◆ **Aim of the task**
Give again only the lines from the line that holds "Edinburgh Schottland, Vereinigtes" to the end of the data, inclusive, omitting all pictures.

◆ **Provided data**
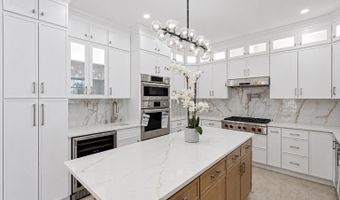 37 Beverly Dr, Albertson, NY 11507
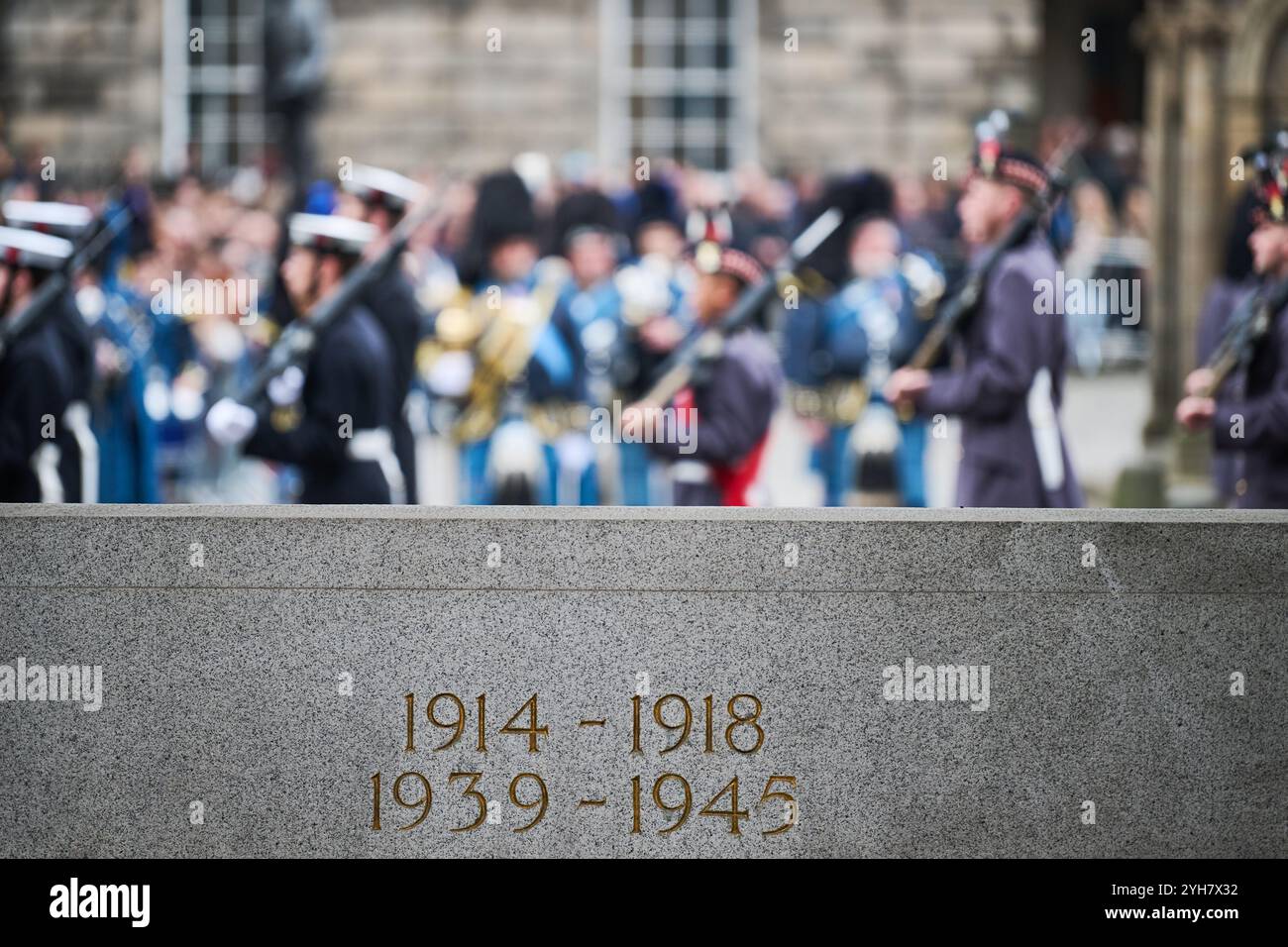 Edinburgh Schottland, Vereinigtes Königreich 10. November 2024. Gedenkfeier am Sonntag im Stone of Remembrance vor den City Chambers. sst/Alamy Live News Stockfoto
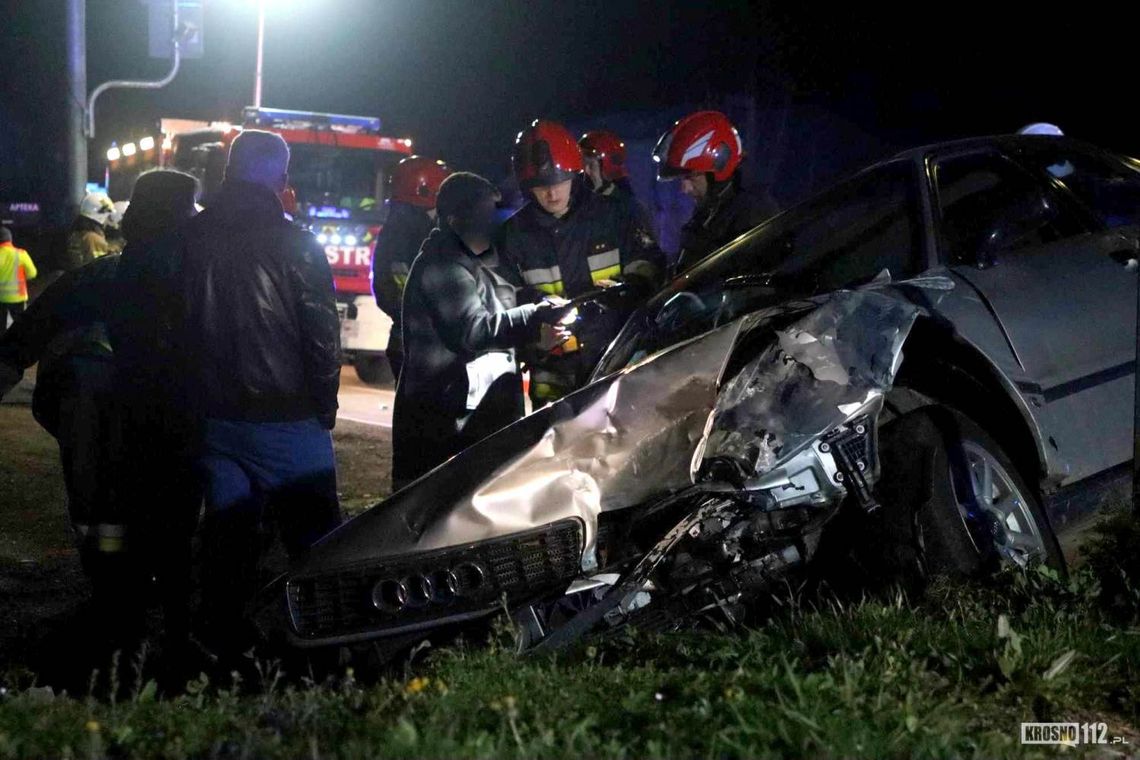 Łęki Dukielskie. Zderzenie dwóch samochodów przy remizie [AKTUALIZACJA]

◆ **Expected answer**
 Edinburgh Schottland, Vereinigtes Königreich 10. November 2024. Gedenkfeier am Sonntag im Stone of Remembrance vor den City Chambers. sst/Alamy Live News Stockfoto
 Łęki Dukielskie. Zderzenie dwóch samochodów przy remizie [AKTUALIZACJA]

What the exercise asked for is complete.